Rome, années 1970 – La capitale italienne subit un été caniculaire et une vague de suicides inexplicable. Ce climat anxiogène a des effets néfastes sur Simona Sanna, jeune légiste à la morgue. Surmenée, elle commence à être victime d’hallucinations. Dans le même temps, ses rapports avec son petit ami Edgardo Fiorini, photographe, se dégradent. C’est alors qu’elle rencontre Paul Lenox, un prêtre persuadé que sa soeur ne s’est pas suicidée comme on le lui affirme. Simona accepte de l’aider dans ses investigations…

Le film

[4/5]

Sorti dans les salles françaises en 1979, Frissons d’horreur a surtout été popularisé dans l’hexagone par sa sortie au format DVD en 2008. Exploité en vidéo sous le titre qu’il portait en salles, le film d’Armando Crispino se nommait en réalité Macchie Solari (soit « Taches solaires »), ce qui est un titre plus poétique, en plus d’être en rapport direct avec son intrigue. L’histoire se déroule dans les années 70, en plein été, sous le cagnard rital – la mise en scène nous fera rapidement comprendre que la chaleur trouble les esprits, provoquant une véritable flambée de violence et de suicides à Rome. Une aubaine pour Simona, la jeune étudiante en médecine interprétée par Mimsy Farmer (La Traque, Le Parfum de la dame en noir), qui rédige justement une thèse destinée à mettre en évidence les différences entre les vrais suicides et les meurtres déguisés.

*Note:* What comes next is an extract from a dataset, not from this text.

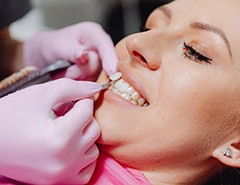Dentist applying a veneer to a woman’s tooth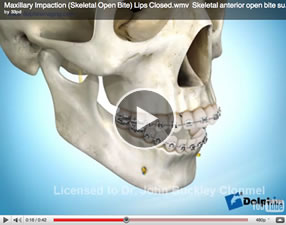 o24 Orthognathic Surgery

Le spectateur sera rapidement amené à rencontrer l’héroïne du film, qui s’avère un des éléments-clés d’une séquence d’ouverture mémorable, conçue par Armando Crispino pour capter l’attention du public dès le départ. Brillant, le premier quart d’heure de Frissons d’horreur offrira au spectateur son lot d’images étranges et d’événements macabres. L’horreur bat son plein dès la fin du générique, enchaînant les suicides et les actes vicieux pour terminer au cœur d’une morgue, où l’on suivra les gestes professionnels de plusieurs médecins légistes, et leur façon détachée de faire face à la mort. Parmi ces médecins, on trouvera donc Simona, épuisée, au bord de l’effondrement après avoir travaillé sans relâche pendant de longues heures : elle sera renvoyée chez elle après avoir été victime d’une hallucination effrayante à base de cadavres se relevant afin de forniquer entre eux.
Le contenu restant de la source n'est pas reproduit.